Why retail access matters
Companies, of course, are likely to prefer more institutional investors for good reasons. The most important: Institutions and HNIs’ deeper pockets ensure that the pricing can be more aggressive. More importantly, it is easier to address a set of big investors and HNIs, who subscribe to most of the allotment anyway, and explain the virtues of the company. The retail investor, from that perspective, is the unknown element. The advertising has to be heavier, and there is pricing pressure—after all, 35% of the issue is at stake. No wonder, even the government gives a discount to retail investors to ensure more participation, often. Of course, if the retail portion does not get fully subscribed, SEBI can allow transferring it to HNIs and QIBs. Allowing investing in big and dependable companies are small ways to ensure that retail investors are able to create wealth. At the same time, it puts pricing pressure on the issuer, and keeps management on their toes. Reducing their ability to do so will only hamper wealth creation and slow down income equality.

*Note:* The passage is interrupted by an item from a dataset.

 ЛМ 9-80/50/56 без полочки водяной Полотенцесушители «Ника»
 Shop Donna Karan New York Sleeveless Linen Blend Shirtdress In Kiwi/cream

The strong pipeline in IPOs—almost Rs 1.8 lakh crore this fiscal—shows that for promoters raising money through equities has become much easier. The larger picture is equally bullish. After over three decades, mutual funds seem to have convinced a bulk of investors that even if the market goes through a correction or turbulence, they need to continue with their systematic investment plans (SIPs). The result: Even during the headwinds caused by US President Donald Trump’s tariffs, retail investors have kept their faith and invested over Rs 27,000 crore through SIPs in June. The proposal to reduce the retail portion comes at a time when the number of unique retail investors in the securities market has trebled to 130 million in the last five years. Keeping most of them away from large IPOs is patently unfair.